Abdullah scored his second career touchdown, slid into the end zone on his knees, and then hovered in prayer with his knees on the ground and his head to the turf. He was immediately hit with a 15 yard penalty. The referee cited unsportsmanlike conduct due to excessive celebration as reason for the flag.

The decision to penalize Abdullah was disconcerting to me as a religious activist and universal rule breaker. Upon replay of the scene, it appeared that there was no excessive celebration. It was a player quickly thanking his Allah for being blessed and thankful.

In the same way, Tim Tebow, a Christian and former quarterback for the Broncos, routinely knelt on one knee in prayer after scoring a touchdown. He was never penalized for his prayer, and was immediately supported by religious groups for showing his faith publicly.

So clearly, there is a religious double standard in the NFL.  More specifically, the problem seems not to be the act of prayer, but the one who is praying.  Though the referees insisted that Abdullah was penalized for sliding into the end zone, I have a sinking feeling he was penalized for being Muslim.

The Islamaphobia that seems to penetrate American culture has undoubtedly bled into mainstream U.S. sports leagues. While being a Christian is celebrated, being a Muslim is seemingly branded as “terroristic” and dubious to “American values.”

Wake up, America, we have no official religion.
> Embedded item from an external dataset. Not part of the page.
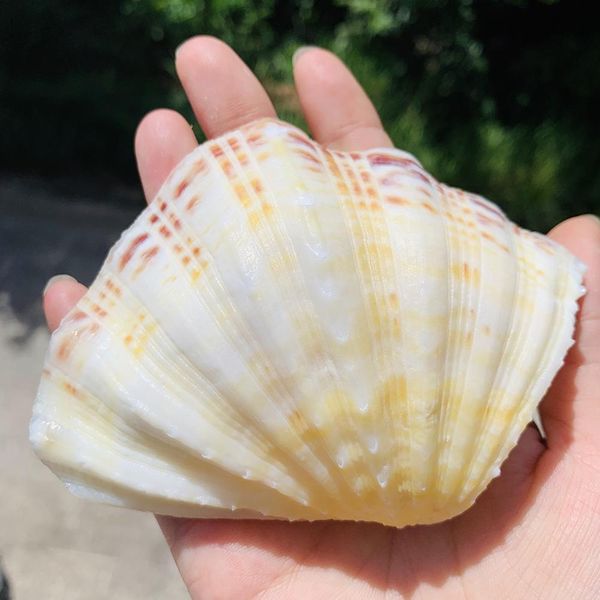 

8 12cm natural clam shells lotus seashell aquarium decoration specimen nautical home decor craft jewelry tray fish tank ornament h jlloms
The Founding Fathers were non-sectarian.  We, citizens, need to start celebrating religious pluralism which is guaranteed by the First Amendment.

Once, at a press conference, Abdullah stated that he would immediately go to the ground and thank Allah if he was to score. That is exactly what he did on Sept. 29. He has never been ashamed of his religion and religious practices. It seems to me that the only people who should be ashamed are citizens who penalize others, through an innocuous incident, for their choice of god.

Whether or not this incident was deliberate or unintentional Islamophobia, we all need to be aware of the rampant prejudice against Muslims, and other religious minorities, in America. We should not be afraid to call out the NFL, or our own neighbor, on their shameful prejudices.